Hi guys. I have a homework problem that I don't know how to approach.
The instructor gives hints to each of the cases:
Find graphically (using MATLAB) for each of the following cases, in both Euclidean geometry, and Taxicab geometry the loci of points that satisfy the following properties:
(a) The points whose distance from the axes origin is 8.
(b) The points which have the sum of their distances to the points A(-3,-4), and B(4, 3) equals to 16.
(c) The points which have the difference of their distances to the points A(-3,-4) and B(4,3) equals to 2.
(d) The point S such that d(S,P) + d(S,Q) = d(P,Q), where P(-2,3) and Q(1,-4)
a) a circle centered at the origin and whose radius is 8,
b) an ellipse with A and B as foci,
c) a hyperbola branch with A and B as foci, and
d) a point R(-1/2, -1/2).
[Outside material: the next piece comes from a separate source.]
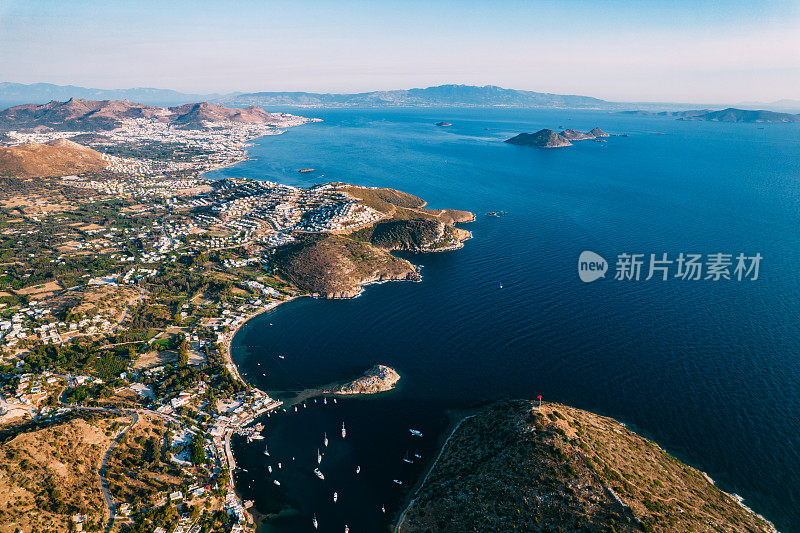 鸟瞰图Gümüşlük海湾在Bodrum土耳其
The solution for this case, in Taxicab geometry, is the set of all points inside the rectangle shown(not shaded in order to show point R).
I didn't get part c and part b. I know what Taxicab geometry is. I know how to compute the distance. I can use MATLAB to generate such graphical representation for part a and b.
I think I can handle the MATLAB part, but I just didn't know how to solve for c and d.
% code for part a
x = -10:0.1:10;
y = -10:0.1:10;
Ax = 0;
Ay = 0;
Bx = -1;
By = 0;
[X,Y] = meshgrid(x,y);
Z1=(abs(X)+abs(Y))+(abs(X)+abs(Y)); % computes Taxicab-G
Z2 = sqrt((X).^2+(Y).^2)+sqrt((X).^2+(Y).^2); % computes Eu-G
The answer to part c is shown below
How do I solve these two analytically?